Huntington Ingalls Looking to Diversify with Bid for Services Company Camber, Sources Say

A large section of the future John F. Kennedy (CVN 79) is lifted into place at Huntington Ingalls. Photo credit: Huntington Ingalls
A large section of the future John F. Kennedy (CVN 79) is lifted into place at Huntington Ingalls. Photo credit: Huntington Ingalls

ReutersBy Mike Stone

Oct 21 (Reuters) – Huntington Ingalls Industries Inc is in talks to buy government services contractor Camber Corp for nearly $400 million as the U.S.’s largest military shipbuilder diversifies, people familiar with the situation said.

Expanding its government services and contracting business could help Huntington grow outside of shipbuilding and help the company invest in a potential growth engine. The move coincides with larger defense contractors, such as Lockheed Martin Corp , having exited or shrunk their services businesses.

Huntington’s CEO Mike Peters said on the company’s Aug. 4 earnings call that he wanted to “grow our services business in support of the Navy and the Department of Energy.”

A deal for Camber, which was bought by private equity firm New Mountain Capital LLC in 2008 for an undisclosed sum, would follow a months-long competitive sales process for the company, the people said. They said that the talks could still fall apart.

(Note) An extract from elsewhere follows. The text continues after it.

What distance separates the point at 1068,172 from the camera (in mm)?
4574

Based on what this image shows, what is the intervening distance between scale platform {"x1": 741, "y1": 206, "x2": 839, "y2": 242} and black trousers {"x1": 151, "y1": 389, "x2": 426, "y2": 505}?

They asked not to be identified because they were not authorized to speak about the talks.

Representatives for Newport News, Virginia-based Huntington Ingalls and New Mountain declined to comment. Huntsville, Alabama-based Camber did not immediately respond to a request for comment.

Camber provides IT, consulting and training services to the U.S. government, including the U.S. Postal Service, the Department of Defense and intelligence agencies. Camber has worked with the U.S. Navy on projects involving sensors and simulation and currently has training contracts.

Huntington Ingalls is the designer, builder and refueler of nuclear powered aircraft carriers, a builder of amphibious assault and expeditionary warfare ships for the U.S. Navy and the sole builder of National Security Cutters (NSCs) for the U.S. Coast Guard.

Huntington Ingalls was spun off from defense contractor Northrop Grumman Corp in 2011. In recent years it has seen cash flow increase and has grown its dividend as a way of sharing its profits with investors.

On its most recent quarterly earnings call, the shipbuilder with a $7 billion market capitalization said it had $852 million in cash on hand after it spent the quarter buying back about 239,000 shares at a cost of $36 million and paying dividends of $0.50 per share or $24 million, to shareholders.